Imaging present at or within 6 months of diagnosis included 33 echocardiograms, 103 CTs (51 chest/thorax, 58 abdomen/pelvis and 4 lower extremity with runoff), 20 MRIs (11 chest/thorax and 9 abdomen/pelvis), 21 abdominal ultrasounds, 7 catheter-based coronary angiograms, and 25 PET/PET-CTs.

BRAF-V600E was evaluated in 22 of 64 patients and was positive by either immunohistochemistry or polymerase chain reaction (PCR) analysis in 12 patients, and negative in 10 patients. BRAF mutation was not significantly associated with cardiac, retroperitoneal or vascular involvement (P = .26, P = .93, and P = .84 respectively). No other baseline characteristics were significantly associated with BRAF positivity.

Treatment at baseline was not standardized. Among the 64 patients in the cohort, 8 did not receive any treatment during follow-up. For those receiving treatment, corticosteroids were the most frequently utilized first-line agent (n = 22) followed by cladribine (n = 10), methotrexate (n = 7), interferon (n = 5), radiation (n = 5), tamoxifen (n = 3), cyclophosphamide (n = 2) anakinra (n = 2), vinblastine (n = 2) and imatinib (n = 1). Two patients, both with BRAF mutations, received vemurafenib at baseline. Throughout follow-up, treatment was highly variable with 34 (53%) of patients requiring a second line, 22 (34%) a third line, 12 (19%) a fourth line, and 5 (8%) a fifth line of treatment. Overall, BRAF-inhibitors were utilized during the course of disease in 12 (19%) patients (10 BRAF-positive, 1 BRAF-negative, 1 non-tested).

4. Cardiac involvement

Fifty-seven (89%) patients had 1 or more imaging evaluations of cardiac structures within the first 6 months of diagnosis. Cardiac involvement was observed in 35 (61%). Pericardial effusion was observed in 22/49 (45%), pericardial thickening in 14/45 (31%) and myocardial thickening in 17/45 (38%) patients [Fig. 1A and 1B]. Right atrial pseudotumor was detected in 6/45 (13%) [Fig. 1C] and non-atherosclerotic coronary artery thickening identified in 9/38 (24%) patients.

Figure 1.

Cardiac and retroperitoneal involvement in Erdheim-Chester disease. Figure 1A: Circumferential pericardial thickening and effusion (contrast enhanced computed tomography, axial view). Figure 1B: Cardiac magnetic resonance imaging, 3 chamber triple inversion view, demonstrates pericardial thickening (arrowed brackets) and infiltration into the atrioventricular groove (dotted bracket) with circumferential encasement of the right coronary artery (arrow). Additionally, there is moderate myocardial thickening of the right ventricular free wall (bracket). Figure 1C: Right atrial pseudotumor [arrow] (cardiac magnetic resonance imaging, T1-weighted, sagittal view). Figure 1D: Bilateral perinephric fibrosis (“hairy kidney”) and circumferential abdominal periaortic thickening (contrast enhanced computed tomography, axial view).
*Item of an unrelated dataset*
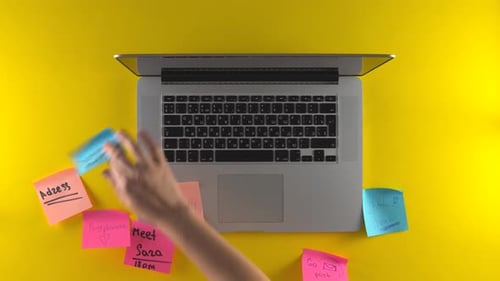 Post It Papers auf dem Arbeitsbereich mit Laptop-Klebern auf dem Schreibtisch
5. Retroperitoneal involvement

Baseline imaging of the abdomen (ultrasound, CT, MRI, and PET/CT) was available in 58 patients. Perinephric fibrosis was observed in 34 (59%) [Fig. 1D] and isolated periureteral fibrosis in only 7 (12%) patients. Hydronephrosis was seen in 17 patients, 10 of which had bilateral involvement; 11 patients were treated medically, unilateral ureteral stenting was performed in 2 patients and bilateral ureteral stenting in 4 patients because of severe obstructive uropathy present at diagnosis.

6. Arterial involvement

Sixty-three patients (98%) had imaging of vascular structures performed within 6 months of baseline diagnosis. Characteristics of arterial abnormalities by regional vascular group are presented in Table 2 and summarily depicted in Figure 2.

Table 2.

Arterial abnormalities present at baseline imaging in patients with Erdheim–Chester disease.

Figure 2.

Arterial Map in Erdheim-Chester disease. Percentages show overall distribution of arterial involvement. Ao = Aorta; Ab = Abdominal.
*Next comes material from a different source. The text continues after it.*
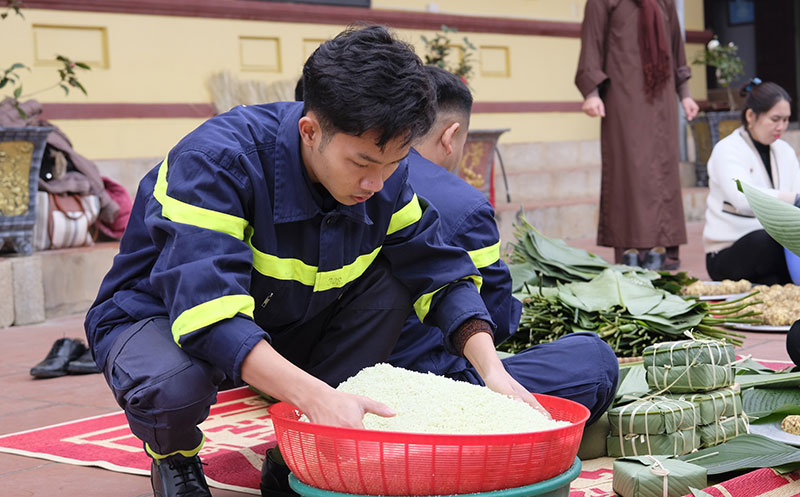 Chiến sĩ Công an gói bánh chưng tặng bệnh nhân, gia đình khó khăn -1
Aortic involvement with ECD was observed in at least 1 segment of the aorta in 56% of patients at baseline. The thoracic and abdominal aortic segments were the most commonly affected with 48% of patients, demonstrating at least 1 abnormality in each location. Among the aortic segments affected, the frequency of abnormalities seen was highest in the infra-renal abdominal aorta (46%), followed by descending thoracic aorta (41%), supra-renal abdominal aorta (40%), aortic arch (38%), and ascending aorta (35%). Periarterial thickening was the most frequently observed abnormality. At baseline, arterial aneurysm was rarely observed. In fact, no aortic aneurysms were seen and only one patient had evidence of post-stenotic aneurysm in the celiac artery. Ectasia was also seldom and identified in only 13% of thoracic arterial segments, of which the ascending aorta was preferentially involved. Despite a notable percentage of patients with periarterial thickening, increased vascular FDG uptake [Fig. 3A] was only demonstrated in 6/21 (29%) of patient's thoracic aortas and in 3/21 (14%) of patient's abdominal aortas.

Figure 3.

Arterial involvement in Erdheim-Chester Disease. Figure 3A: Asymmetric increased vascular hypermetabolism of the thoracic aorta (FDG PET/CT, axial fusion image). Figure 3B: Periadvential thickening of the left subclavian, left carotid and innominate arteries (contrast enhanced computed tomography angiography, axial view). Figure 3C: High grade stenosis with post-stenotic dilatation of the celiac artery and moderate stenosis of superior mesenteric artery (contrast enhanced computed tomography angiography, sagittal view). Figure 3D: Bilateral superficial femoral artery occlusion (arrows) with reconstitution at the level of the popliteal artery (3-dimensional maximum intensity projection, computed tomography angiography). Figure 3E: Dense atherosclerosis of the abdominal aorta (computed tomography angiography, sagittal view).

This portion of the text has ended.